Counterexamples As Assumptions #5013

Dargones · 2024-01-25T03:19:32Z

Problem

Right now Dafny reports counterexamples using special syntax that may be difficult to understand. For example, consider the following Dafny program that defines a standard List datatype with a function View that maps the list to a sequence of integers:

datatype Node = Cons(next:Node, value:int) | Nil {
  function View():seq<int> 
    ensures Cons? ==> |View()| > 0 && View()[0] == value && View()[1..] == next.View()
  {
    if Nil? then [] else [value] + next.View()
  }
}

Suppose we were to (incorrectly) assert that the list cannot correspond to the sequence of integers [1, 2, 3], like so:

method m(list:Node) {
  assert list.View() != [1, 2, 3];
}

Currently, Dafny would return the following counterexample:

At "method m(list:Node) {" (file.dfy:20):
    list:Problem.Node = Cons(next := @0, value := 1)
    @0:Problem.Node = Cons(next := @2, value := 2)
    @2:Problem.Node = Cons(next := @4, value := 3)
    @4:Problem.Node = Nil

This counterexample is confusing because it does not explain what the meaning of @0, @1, etc. is. The notation is different from the Dafny syntax, and it also does not capture some of the information that is actually contained within the counterexample because there is no way to express this information using this custom syntax. In particular, the counterexample constrains the value returned by calling View() on the list variable. This constrain might be redundant in this particular example but in general, we would want to capture all the information contained in the counterexample.

Solution

This PR redesigns the counterexample generation functionality so that counterexamples are represented internally and can be printed as Dafny assumptions. For example, for the program above, the counterexample will now look like this:

assume Node.Cons(Node.Cons(Node.Cons(Node.Nil, 3), 2), 1) == list 
    && Node.Cons(Node.Cons(Node.Cons(Node.Nil, 3), 2), 1).View.requires() 
    && [1, 2, 3] == Node.Cons(Node.Cons(Node.Cons(Node.Nil, 3), 2), 1).View() 
    && Node.Cons(Node.Cons(Node.Nil, 3), 2).View.requires() 
    && [2, 3] == Node.Cons(Node.Cons(Node.Nil, 3), 2).View() 
    && Node.Cons(Node.Nil, 3).View.requires() 
    && [3] == Node.Cons(Node.Nil, 3).View() 
    && Node.Nil.View.requires() 
    && [] == Node.Nil.View();

While admittedly more verbose because it explores the return values of functions, this counterexample precisely constrains the argument that leads to the assertion violation. In particular, if you were to insert this assumption into the code and revert the assertion, Dafny would verify that this counterexample is correct.

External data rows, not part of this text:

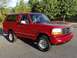 1995 Ford Bronco - This red Ford Bronco is shown from a three-quarter front view, parked outdoors.
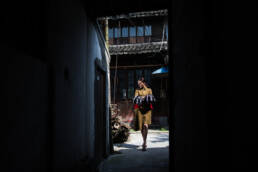 Oriental woman in brown dress walking down an alley away from a wooden shophouse.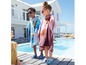 Zwei Kinder mit Disney-Handtüchern am Pool.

At a high level, this makes the following changes:

Represent counterexamples as Dafny statements that the user can insert directly into their code to debug the failing assertion.
Make sure the counterexamples are wellformed, i.e. the constraints are ordered in such a way that the resulting assumption verifies.
Support counterexample constraints over function return values (as an example of something that can really only be done using native Dafny syntax)
Automatically fix counterexamples that are internally inconsistent, when such an inconsistency can be easily detected. For instance, a counterexample will never describe negative indices of an array or sequence, call a set empty if it contains elements, etc. All of these are possible in the counterexample model returned by Boogie but we prune such inconsistencies before reporting the counterexample, when possible.

By submitting this pull request, I confirm that my contribution is made under the terms of the MIT license.

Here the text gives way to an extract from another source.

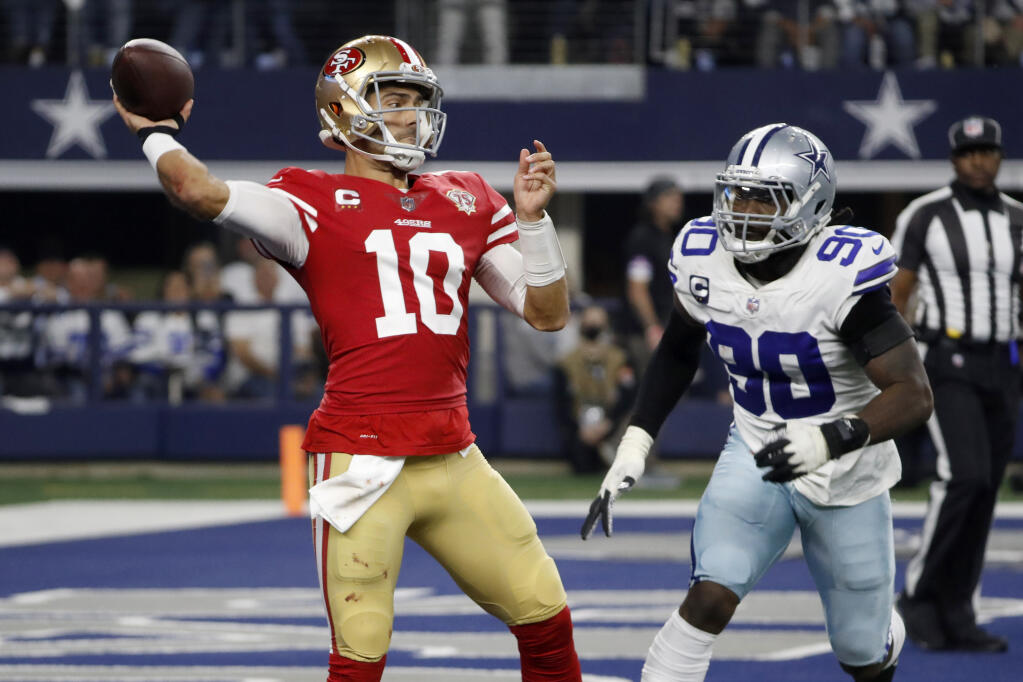 San Francisco 49ers quarterback Jimmy Garoppolo throws a pass under pressure from Dallas Cowboys defensive end Demarcus Lawrence during the second half  in Arlington, Texas, on Sunday, Jan. 16, 2022. (Roger Steinman / ASSOCIATED PRESS)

Dargones · 2024-03-20T22:00:44Z

Edit: right now, one can only get a counterexample in the form of assumptions. To enable test generation behavior, the counterexample model would need to be cross-referenced with the source code, so this is something that could be left as a future PR.

keyboardDrummer · 2024-03-21T12:00:04Z

Edit: right now, one can only get a counterexample in the form of assumptions. To enable test generation behavior, the counterexample model would need to be cross-referenced with the source code, so this is something that could be left as a future PR.

I think that would be valuable, because if it can be generated, and it does cause an assertion to fail at runtime, it provides a guaranteed counter-example, instead of a counter-example guess (the model produced after an unknown result). It seems like the only way we're aware of to determine if a counter-example guess is correct.

…of invalid

Dargones · 2024-03-21T18:07:45Z

Have just pushed a commit that adds a warning to notify the user that the counterexample may not be valid due to the solver returning UNKOWN. I would prefer to leave counterexample execution for future work, since it will be a substantial change/addition to the PR. Executing a counterexample is, I think, indeed the only certain way to determine that the counterexample is valid but it is also not clear how applicable such a feature would be (a lot of Dafny code is not intended for execution and code that is intended for execution can fail verification for reasons that would not come up at runtime).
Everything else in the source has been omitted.